Главный врач был занят, меня просили подождать. По коридору провезли кого-то, покрытого простыней, на длинной тележке.

— Пройдите, товарищ.

Седой человек в халате, с очень морщинистым, чисто выбритым лицом и красными руками, кончики пальцев которых были вымазаны йодом, спросил:

— Товарищ Рындин?

— Так точно.

— Присядьте, пожалуйста.

За окнами на деревьях лежал талый снег, и целая стая ворон копошилась в снегу возле окон.

Как сквозь слой ваты, я слышал ровный голос: «Последствия блокады и дистрофии, нарушен обмен веществ, ослаблена сердечная деятельность». Врач говорил долго и обстоятельно, будто читал лекцию в аудитории медицинского института; раньше, чем он закончил и сказал короткое, как удар, слово, я понял, что случилось непоправимое, самое страшное из всего, что могло в моей жизни случиться…

И если в те дни, когда я думал, что отца больше нет, где-то в далеком уголке сердца теплился луч надежды, то теперь надежды никакой не осталось…

— Вы хотите пройти к ней? Проводите товарища, — сказал кому-то главный врач.

В маленькой комнате с белыми стенами и замазанными сероватой краской окнами лежала мама на мраморном холодном столе. Можно было подумать, что она спит и что-то видит во сне; легкая гримаска искривила ее почему-то ставшие очень белыми губы. Так бывало всегда, когда ее что-нибудь огорчало.

* * *

Сжавшись в комок, я сидел в уголке столовой, на низеньком жестком диванчике. Вчера здесь было полно людей, знакомых и малознакомых; какие-то женщины завешивали простыней зеркало, закрывали наглухо окна, переговаривались шепотом, спрашивали, где мамино лучшее платье. Сегодня мы с ней остались вдвоем. И мне все казалось, что это ошибка, недоразумение, что кто-то придет и скажет… что скажет? Что?!

Мама, мамочка, как я мечтал: мой корабль возвращается с моря, ты стоишь на берегу, ждешь меня… Никогда ты меня не встретишь! Ни-ко-гда!.. Какое страшное слово!

А сколько сил и здоровья ты затратила на меня!

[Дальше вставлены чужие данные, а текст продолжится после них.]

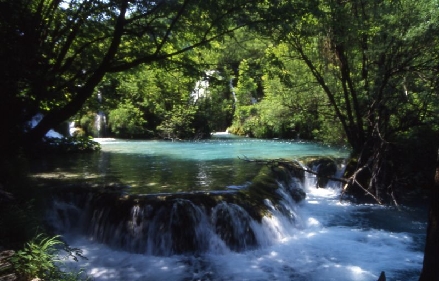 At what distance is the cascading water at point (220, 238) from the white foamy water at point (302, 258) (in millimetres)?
20

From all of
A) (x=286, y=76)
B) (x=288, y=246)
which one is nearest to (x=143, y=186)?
(x=288, y=246)

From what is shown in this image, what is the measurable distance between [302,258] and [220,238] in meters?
1.81

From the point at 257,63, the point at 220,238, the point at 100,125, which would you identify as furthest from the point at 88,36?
the point at 100,125

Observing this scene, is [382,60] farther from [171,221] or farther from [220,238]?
[171,221]

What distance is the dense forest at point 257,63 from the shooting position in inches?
235

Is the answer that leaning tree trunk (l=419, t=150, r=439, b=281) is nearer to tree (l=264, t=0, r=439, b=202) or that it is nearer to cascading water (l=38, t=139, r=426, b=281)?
cascading water (l=38, t=139, r=426, b=281)

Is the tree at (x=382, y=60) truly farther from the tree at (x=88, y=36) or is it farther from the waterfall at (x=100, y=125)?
the waterfall at (x=100, y=125)

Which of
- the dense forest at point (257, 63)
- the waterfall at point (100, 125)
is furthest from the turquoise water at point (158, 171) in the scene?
the waterfall at point (100, 125)

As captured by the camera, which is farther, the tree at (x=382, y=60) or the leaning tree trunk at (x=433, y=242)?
the tree at (x=382, y=60)

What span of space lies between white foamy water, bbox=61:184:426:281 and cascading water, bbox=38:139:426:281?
0.02 metres

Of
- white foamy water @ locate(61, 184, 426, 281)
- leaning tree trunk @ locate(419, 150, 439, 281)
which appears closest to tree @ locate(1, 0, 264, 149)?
white foamy water @ locate(61, 184, 426, 281)

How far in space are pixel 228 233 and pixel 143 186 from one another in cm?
277

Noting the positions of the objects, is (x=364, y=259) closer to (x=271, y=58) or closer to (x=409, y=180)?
(x=271, y=58)

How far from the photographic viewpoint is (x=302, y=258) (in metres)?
7.51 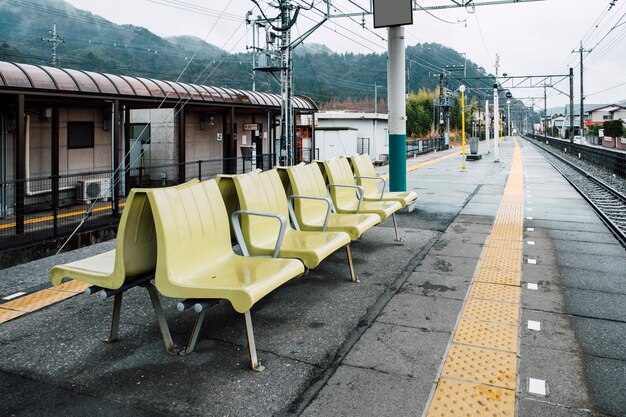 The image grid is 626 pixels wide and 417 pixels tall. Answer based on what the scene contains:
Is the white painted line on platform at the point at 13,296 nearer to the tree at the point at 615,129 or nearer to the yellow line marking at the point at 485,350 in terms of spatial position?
the yellow line marking at the point at 485,350

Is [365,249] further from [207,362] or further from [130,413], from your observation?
[130,413]

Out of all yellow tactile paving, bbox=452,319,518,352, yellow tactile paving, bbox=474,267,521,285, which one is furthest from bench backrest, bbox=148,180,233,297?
yellow tactile paving, bbox=474,267,521,285

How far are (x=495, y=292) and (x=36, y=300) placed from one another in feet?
12.9

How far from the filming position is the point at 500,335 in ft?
12.5

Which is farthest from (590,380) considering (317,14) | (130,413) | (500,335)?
(317,14)

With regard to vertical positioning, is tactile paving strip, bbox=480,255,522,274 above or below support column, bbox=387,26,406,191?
below

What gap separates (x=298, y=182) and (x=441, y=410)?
318cm

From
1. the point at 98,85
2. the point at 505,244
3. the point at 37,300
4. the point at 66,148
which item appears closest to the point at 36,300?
the point at 37,300

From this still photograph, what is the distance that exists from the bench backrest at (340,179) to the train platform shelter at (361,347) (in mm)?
918

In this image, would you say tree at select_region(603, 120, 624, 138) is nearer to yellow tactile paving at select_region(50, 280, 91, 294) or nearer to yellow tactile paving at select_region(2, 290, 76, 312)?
yellow tactile paving at select_region(50, 280, 91, 294)

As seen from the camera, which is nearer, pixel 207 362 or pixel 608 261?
pixel 207 362

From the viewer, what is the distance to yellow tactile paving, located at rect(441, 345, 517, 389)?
3121 mm

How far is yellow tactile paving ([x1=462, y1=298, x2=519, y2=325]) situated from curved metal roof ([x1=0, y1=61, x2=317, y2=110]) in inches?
287

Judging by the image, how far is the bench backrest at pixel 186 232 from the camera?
331 centimetres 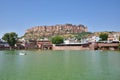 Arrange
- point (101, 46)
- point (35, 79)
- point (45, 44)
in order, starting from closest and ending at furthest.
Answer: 1. point (35, 79)
2. point (101, 46)
3. point (45, 44)

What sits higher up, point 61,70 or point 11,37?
point 11,37

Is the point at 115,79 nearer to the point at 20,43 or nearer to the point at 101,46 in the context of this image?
the point at 101,46

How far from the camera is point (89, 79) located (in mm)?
20906

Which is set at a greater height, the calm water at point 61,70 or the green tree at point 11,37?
the green tree at point 11,37

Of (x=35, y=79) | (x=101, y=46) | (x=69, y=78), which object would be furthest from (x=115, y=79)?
(x=101, y=46)

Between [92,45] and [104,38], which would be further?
[104,38]

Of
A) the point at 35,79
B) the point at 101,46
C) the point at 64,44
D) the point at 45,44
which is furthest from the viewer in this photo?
the point at 45,44

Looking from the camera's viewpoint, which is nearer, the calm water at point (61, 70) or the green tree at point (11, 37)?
the calm water at point (61, 70)

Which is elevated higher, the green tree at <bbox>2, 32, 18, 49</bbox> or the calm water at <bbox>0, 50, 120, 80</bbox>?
the green tree at <bbox>2, 32, 18, 49</bbox>

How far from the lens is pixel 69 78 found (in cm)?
2136

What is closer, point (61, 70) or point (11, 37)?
point (61, 70)

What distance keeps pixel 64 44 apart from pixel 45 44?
14.2 m

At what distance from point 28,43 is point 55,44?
1831 centimetres

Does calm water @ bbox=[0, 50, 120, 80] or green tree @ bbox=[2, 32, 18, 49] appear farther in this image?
green tree @ bbox=[2, 32, 18, 49] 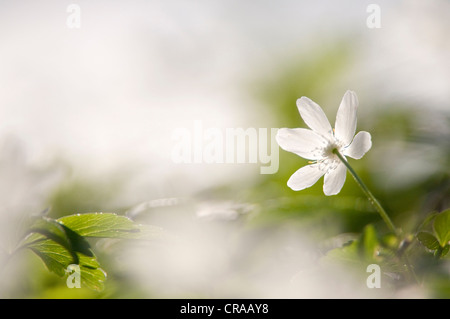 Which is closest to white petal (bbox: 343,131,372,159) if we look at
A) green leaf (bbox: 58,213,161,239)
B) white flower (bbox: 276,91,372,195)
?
white flower (bbox: 276,91,372,195)

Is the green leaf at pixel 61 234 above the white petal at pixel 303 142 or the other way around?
the other way around

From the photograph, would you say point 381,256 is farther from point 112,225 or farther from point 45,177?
point 45,177

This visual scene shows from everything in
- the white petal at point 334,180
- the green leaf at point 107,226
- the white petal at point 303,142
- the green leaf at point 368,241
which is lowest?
the green leaf at point 368,241

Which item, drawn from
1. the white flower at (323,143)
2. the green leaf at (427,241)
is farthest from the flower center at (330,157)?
the green leaf at (427,241)

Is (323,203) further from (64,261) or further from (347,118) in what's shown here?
(64,261)

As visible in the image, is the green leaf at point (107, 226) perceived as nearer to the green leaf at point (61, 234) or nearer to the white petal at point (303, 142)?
the green leaf at point (61, 234)

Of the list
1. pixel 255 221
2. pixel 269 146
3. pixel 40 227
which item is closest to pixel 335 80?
pixel 269 146

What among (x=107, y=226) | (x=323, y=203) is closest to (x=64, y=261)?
(x=107, y=226)

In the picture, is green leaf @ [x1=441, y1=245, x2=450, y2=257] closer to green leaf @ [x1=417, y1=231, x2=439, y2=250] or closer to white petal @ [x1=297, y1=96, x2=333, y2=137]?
green leaf @ [x1=417, y1=231, x2=439, y2=250]
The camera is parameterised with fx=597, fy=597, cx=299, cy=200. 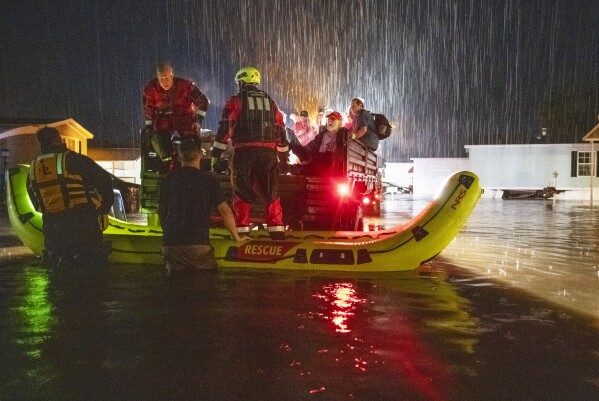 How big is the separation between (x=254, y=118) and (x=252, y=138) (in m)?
0.24

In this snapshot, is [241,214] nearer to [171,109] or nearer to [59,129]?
[171,109]

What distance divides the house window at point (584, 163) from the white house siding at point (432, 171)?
44.3 feet

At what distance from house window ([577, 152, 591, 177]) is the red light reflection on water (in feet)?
124

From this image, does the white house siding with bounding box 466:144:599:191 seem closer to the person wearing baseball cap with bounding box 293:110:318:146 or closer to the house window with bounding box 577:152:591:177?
the house window with bounding box 577:152:591:177

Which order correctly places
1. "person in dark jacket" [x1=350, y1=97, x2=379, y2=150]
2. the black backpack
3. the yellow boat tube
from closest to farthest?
the yellow boat tube → "person in dark jacket" [x1=350, y1=97, x2=379, y2=150] → the black backpack

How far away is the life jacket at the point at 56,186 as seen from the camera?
659 centimetres

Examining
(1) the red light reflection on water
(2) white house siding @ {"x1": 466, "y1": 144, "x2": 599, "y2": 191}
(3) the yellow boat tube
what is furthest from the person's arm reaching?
(2) white house siding @ {"x1": 466, "y1": 144, "x2": 599, "y2": 191}

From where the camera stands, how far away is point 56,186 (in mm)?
6586

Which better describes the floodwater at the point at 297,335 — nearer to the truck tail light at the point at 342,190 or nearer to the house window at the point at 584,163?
the truck tail light at the point at 342,190

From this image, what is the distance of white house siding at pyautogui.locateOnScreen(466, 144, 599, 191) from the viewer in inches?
1575

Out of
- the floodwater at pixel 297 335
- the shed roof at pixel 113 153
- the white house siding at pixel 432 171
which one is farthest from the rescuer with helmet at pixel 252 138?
the white house siding at pixel 432 171

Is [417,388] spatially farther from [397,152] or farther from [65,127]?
[397,152]

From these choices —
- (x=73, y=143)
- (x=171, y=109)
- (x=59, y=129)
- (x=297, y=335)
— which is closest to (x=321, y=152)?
(x=171, y=109)

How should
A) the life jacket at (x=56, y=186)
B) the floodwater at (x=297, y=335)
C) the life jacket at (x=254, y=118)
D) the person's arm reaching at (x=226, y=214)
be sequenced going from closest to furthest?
the floodwater at (x=297, y=335) → the person's arm reaching at (x=226, y=214) → the life jacket at (x=56, y=186) → the life jacket at (x=254, y=118)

Вот здесь, в этой комнате, во время блокады ты топила ножками стульев печурку, резала на тонкие лепестки сто двадцать пять граммов бурого блокадного хлеба и поджаривала — тебе казалось, что так будет сытнее. А как ты везла меня через Ладогу, под бомбежкой, в Сибирь, а потом на Кавказ, к отцу, говоря: «Тебя я должна спасти». Я любил тебя; но достаточно ли я тебя уважал, всегда ли я выполнял твои просьбы? Не обидел ли я тебя резким ответом, невниманием к тебе? Теперь уже больше не повинишься, как прежде, не подойдешь к тебе, не обнимешь, не попросишь прощения…

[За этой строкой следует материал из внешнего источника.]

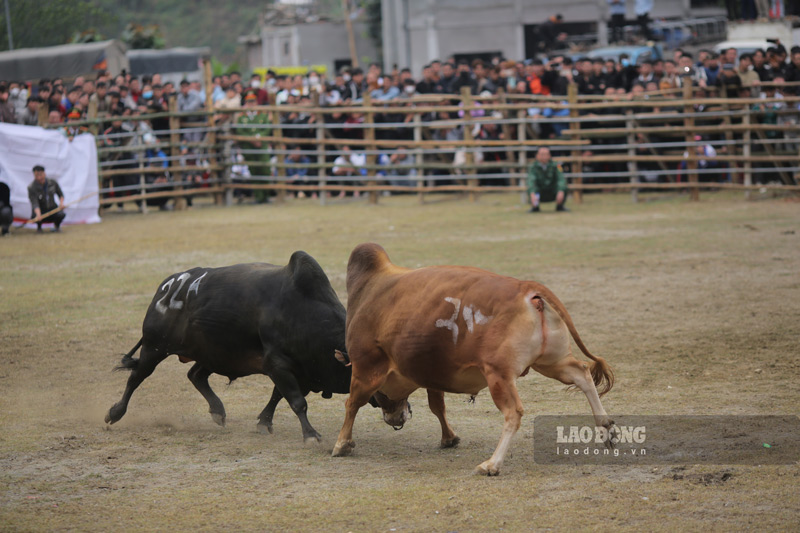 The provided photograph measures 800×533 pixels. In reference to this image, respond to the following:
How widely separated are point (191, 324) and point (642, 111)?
13.6 metres

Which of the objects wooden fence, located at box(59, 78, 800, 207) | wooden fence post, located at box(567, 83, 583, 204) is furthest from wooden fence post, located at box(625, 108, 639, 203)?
wooden fence post, located at box(567, 83, 583, 204)

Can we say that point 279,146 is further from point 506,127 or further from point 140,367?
point 140,367

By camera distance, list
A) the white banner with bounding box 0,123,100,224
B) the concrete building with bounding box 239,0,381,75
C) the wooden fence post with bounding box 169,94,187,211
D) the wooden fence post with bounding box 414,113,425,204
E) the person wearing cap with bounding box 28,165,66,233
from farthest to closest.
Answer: the concrete building with bounding box 239,0,381,75 < the wooden fence post with bounding box 169,94,187,211 < the wooden fence post with bounding box 414,113,425,204 < the white banner with bounding box 0,123,100,224 < the person wearing cap with bounding box 28,165,66,233

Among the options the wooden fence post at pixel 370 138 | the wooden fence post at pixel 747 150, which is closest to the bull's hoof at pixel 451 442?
the wooden fence post at pixel 747 150

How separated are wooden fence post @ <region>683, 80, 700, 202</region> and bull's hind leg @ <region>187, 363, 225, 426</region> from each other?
12.3 m

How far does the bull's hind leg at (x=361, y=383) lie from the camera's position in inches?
217

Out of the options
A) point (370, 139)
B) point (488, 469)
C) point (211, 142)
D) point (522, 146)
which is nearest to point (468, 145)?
point (522, 146)

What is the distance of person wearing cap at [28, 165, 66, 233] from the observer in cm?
1655

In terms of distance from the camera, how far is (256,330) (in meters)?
6.20

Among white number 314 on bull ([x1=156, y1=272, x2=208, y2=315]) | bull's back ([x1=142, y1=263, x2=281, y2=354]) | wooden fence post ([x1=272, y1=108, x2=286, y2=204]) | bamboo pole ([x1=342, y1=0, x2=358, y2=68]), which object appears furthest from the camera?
bamboo pole ([x1=342, y1=0, x2=358, y2=68])

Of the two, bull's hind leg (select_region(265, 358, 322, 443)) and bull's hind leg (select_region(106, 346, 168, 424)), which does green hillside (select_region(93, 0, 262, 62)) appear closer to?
bull's hind leg (select_region(106, 346, 168, 424))

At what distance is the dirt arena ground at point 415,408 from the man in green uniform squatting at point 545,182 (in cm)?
275

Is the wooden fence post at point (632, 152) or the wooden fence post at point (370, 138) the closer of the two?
the wooden fence post at point (632, 152)

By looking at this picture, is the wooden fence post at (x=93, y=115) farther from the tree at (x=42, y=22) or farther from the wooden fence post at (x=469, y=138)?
the tree at (x=42, y=22) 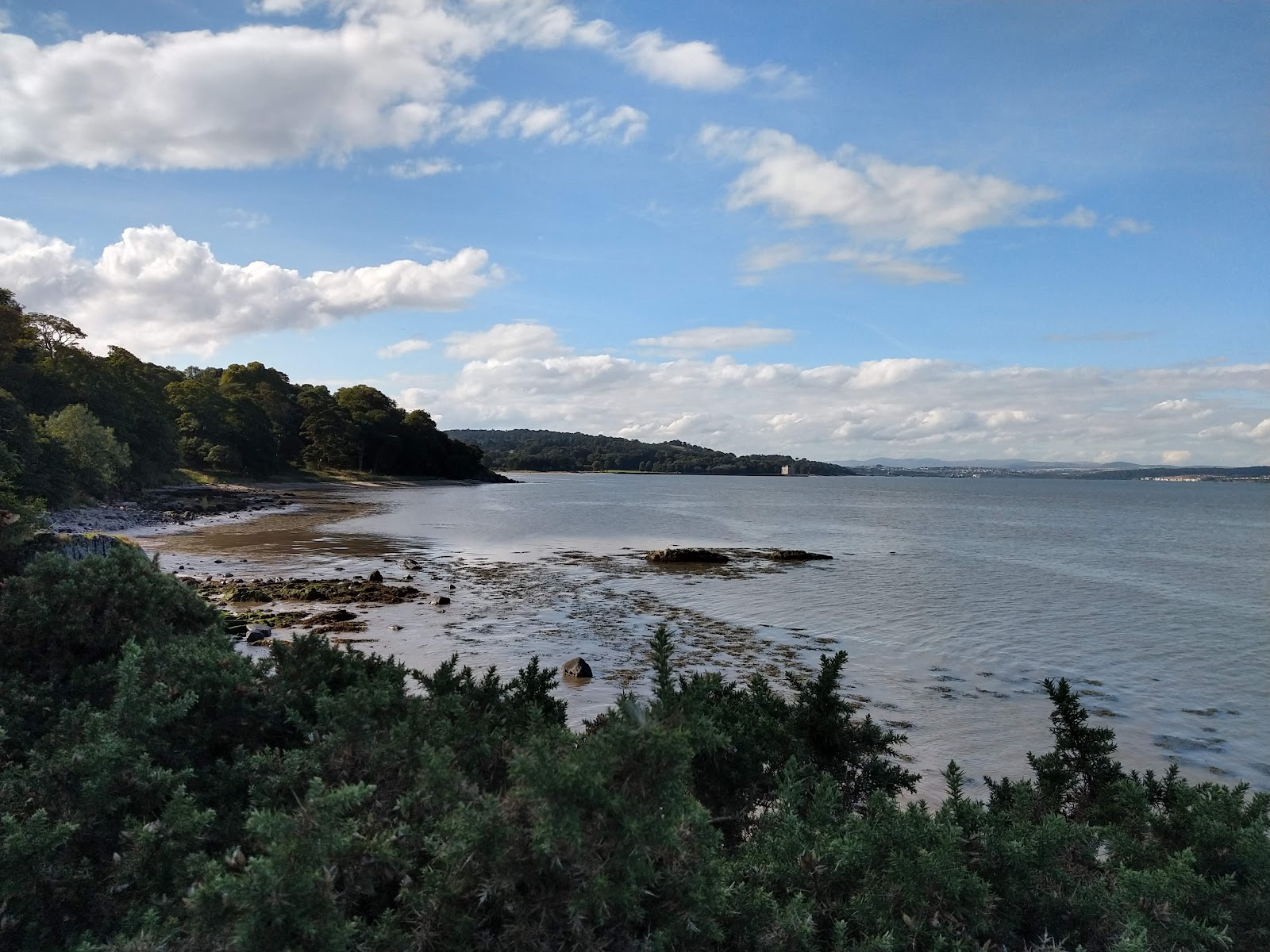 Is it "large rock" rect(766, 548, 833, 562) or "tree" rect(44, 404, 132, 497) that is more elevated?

Дверь скрипнула. Очевидно, я не запер парадную. Кто-то шел осторожно, на носках, словно боясь разбудить спящую. Вошел Фрол, в шинели, держа подмышкой ушанку. Не заметив меня, он на цыпочках подошел к гробу. В руке у него был букетик — несколько ранних фиалок, — где он их раздобыл? Он знал, как мама любила фиалки.